Problem statement: For the entries below, copy exactly the line that contains "5217 45 Th St, Lubbock, TX 79414" through the line that contains "Used 2024 Toyota", both ends included, and exclude all pictures.

Supplied material:
Segment Open

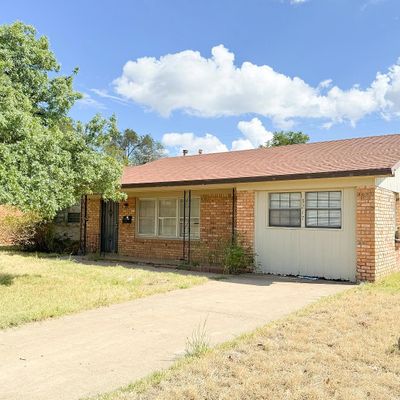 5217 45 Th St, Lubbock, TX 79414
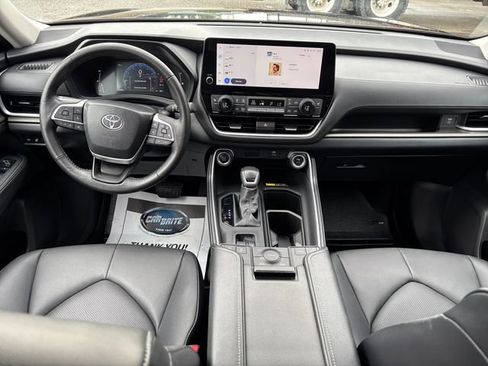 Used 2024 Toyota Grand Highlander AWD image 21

Segment Closed
Segment Open

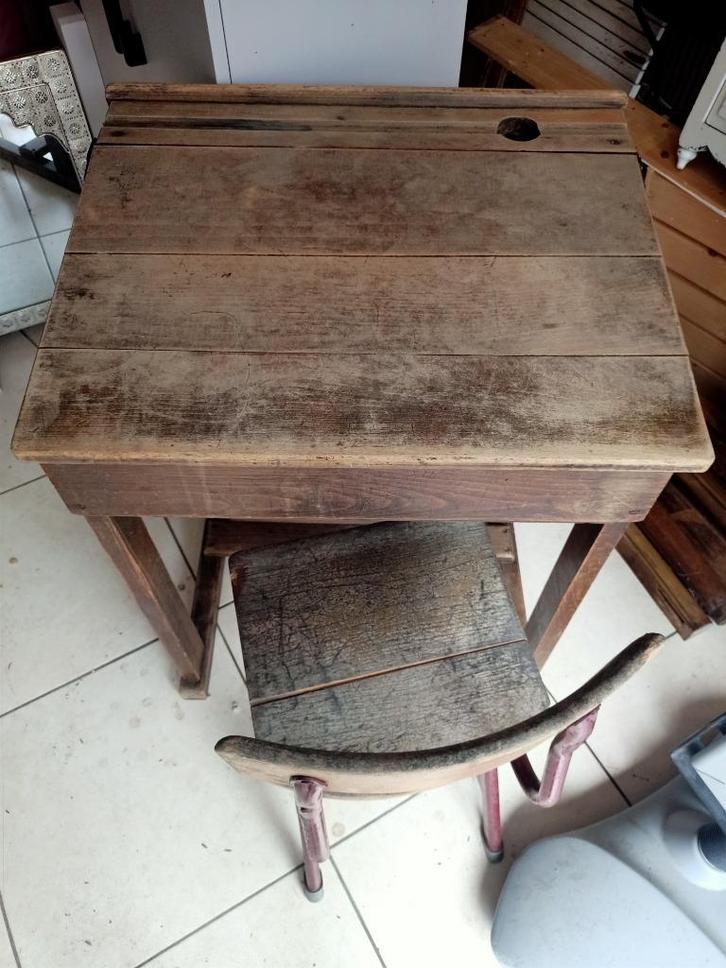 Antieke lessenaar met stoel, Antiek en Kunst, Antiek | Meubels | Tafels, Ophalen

Segment Closed

Reply:
 5217 45 Th St, Lubbock, TX 79414
 Used 2024 Toyota Grand Highlander AWD image 21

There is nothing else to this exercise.